[
https://issues.apache.org/jira/browse/HDFS-3343?page=com.atlassian.jira.plugin.system.issuetabpanels:comment-tabpanel&focusedCommentId=13398825#comment-13398825
]
Todd Lipcon commented on HDFS-3343:
-----------------------------------
Few quick comments:
- Now that I see again how complicated {{transferToFully}} is, I think I
disagree with my earlier idea that we should copy-paste it. It seems like
instead we should add an API to SocketOutputStream like:
{{void transferToFully(FileChannel ch, int pos, int len, MutableCounterLong
transferTime, MutableCounterLong waitTime)}}
(and have the old call delegate to that and pass null for the metrics)
- The new metrics in DataNode need better names (eg
"readDataPacketFromDiskMillis" and "sendDataPacketToNetworkMillis" or
something?), and I think they should be MutableRates instead of counters,
right? ie you need to count the number of ops in addition to the sum time, or
else the sum time is uninterpretable.
- I think the counter increments should be summed inside the loop locally, and
then only added to the metric at the end of each packet.
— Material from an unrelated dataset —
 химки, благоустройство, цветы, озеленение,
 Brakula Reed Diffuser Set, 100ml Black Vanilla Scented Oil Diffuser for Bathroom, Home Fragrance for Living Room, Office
Otherwise it will skew
the averages
- It seems like we can add a simple unit test (or just a new assertion to an
existing test like TestPRead) that these counters have non-zero values.
- Maybe the unit for these should be microseconds instead of milliseconds?
Given a lot of reads should hit buffer cache, having more precision seems
useful.
> Improve metrics for DN read latency
> -----------------------------------
>
> Key: HDFS-3343
> URL: https://issues.apache.org/jira/browse/HDFS-3343
> Project: Hadoop HDFS
> Issue Type: Improvement
> Components: data-node
> Reporter: Todd Lipcon
> Assignee: Andrew Wang
> Attachments: hdfs-3343.patch
>
>
> Similar to HDFS-3170 on the write side, we should improve the metrics that
> are generated on the DN for read latency. We should have separate metrics for
> the time spent in {{transferTo}} vs {{waitWritable}} so that it's easy to
> distinguish slow local disks from slow readers on the other end of the socket.
--
This message is automatically generated by JIRA.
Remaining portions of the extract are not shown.